Trata-se de uma arte “popular” sobre temas religiosos, tais como santos milagreiros, Nossa Senhora das Sete Dores, o Cristo da Cruz, etc., tratados, segundo pretende o catálogo, por artesãos. Há evidentemente uma visão popular em muitas destas pinturas, embora elas derivem, em muitos casos, da pintura culta (de Murillo, p.ex.). Algumas delas parecem ter nascido independentemente da pintura culta, como uma curiosíssima Samaritana que lhe mando inclusa.
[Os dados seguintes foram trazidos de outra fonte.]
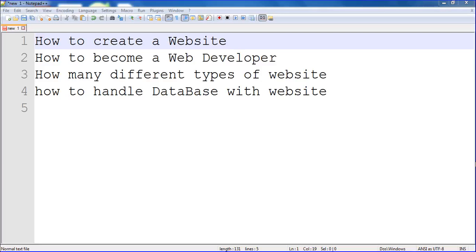So whichever type of website you want to create, you can learn to create it using this channel. I will tell you — in this playlist, I will regularly upload how to create a website. That tutorial I will tell to you.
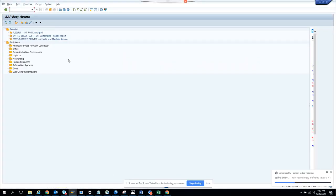Today we are going to talk about how you can make mass change on a single purchase order. First, we are going to go to ME22N, this is a purchase order.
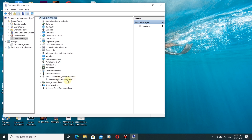There are actually two drivers used for recording and listening to audio: one is Realtek High Definition Audio and one is AMD High Definition Audio. What we will do is replace this Realtek High Definition Audio driver.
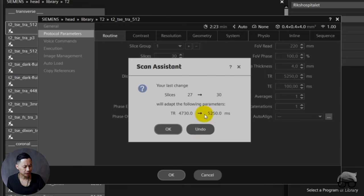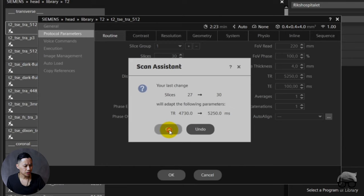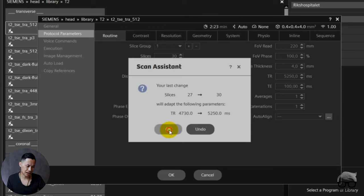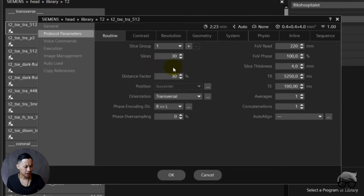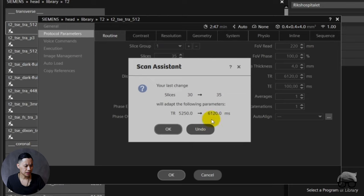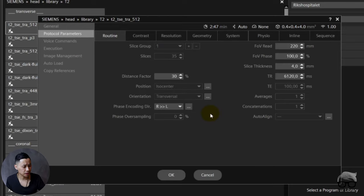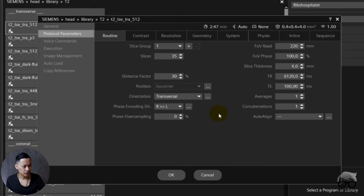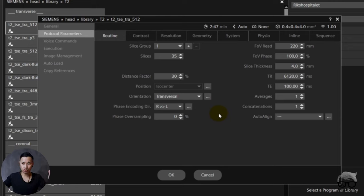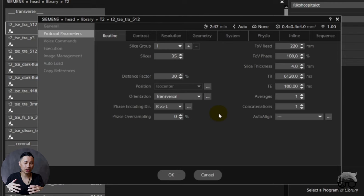It's okay for T2 because you're still in the weighting of the T2. Remember that the range of the TR is also important for the weighting that you want to have. But also remember, increasing from this TR to a higher TR also increases the scan time. But let's now say that we increase this to 35 slices. And suddenly now I have to go up to 6120 TR.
O Autor do Catálogo, que me parece desconhecer certas coisas essenciais, não viu, segundo creio, que algumas pinturas são reproduções de imagens de altar. O que se pretendia não era representar Cristo, ou o Santo, mas a imagem venerada na capela da aldeia e exposta nas exposições. Desta forma, esta arte popular deriva em parte do imaginário e não só do pintor.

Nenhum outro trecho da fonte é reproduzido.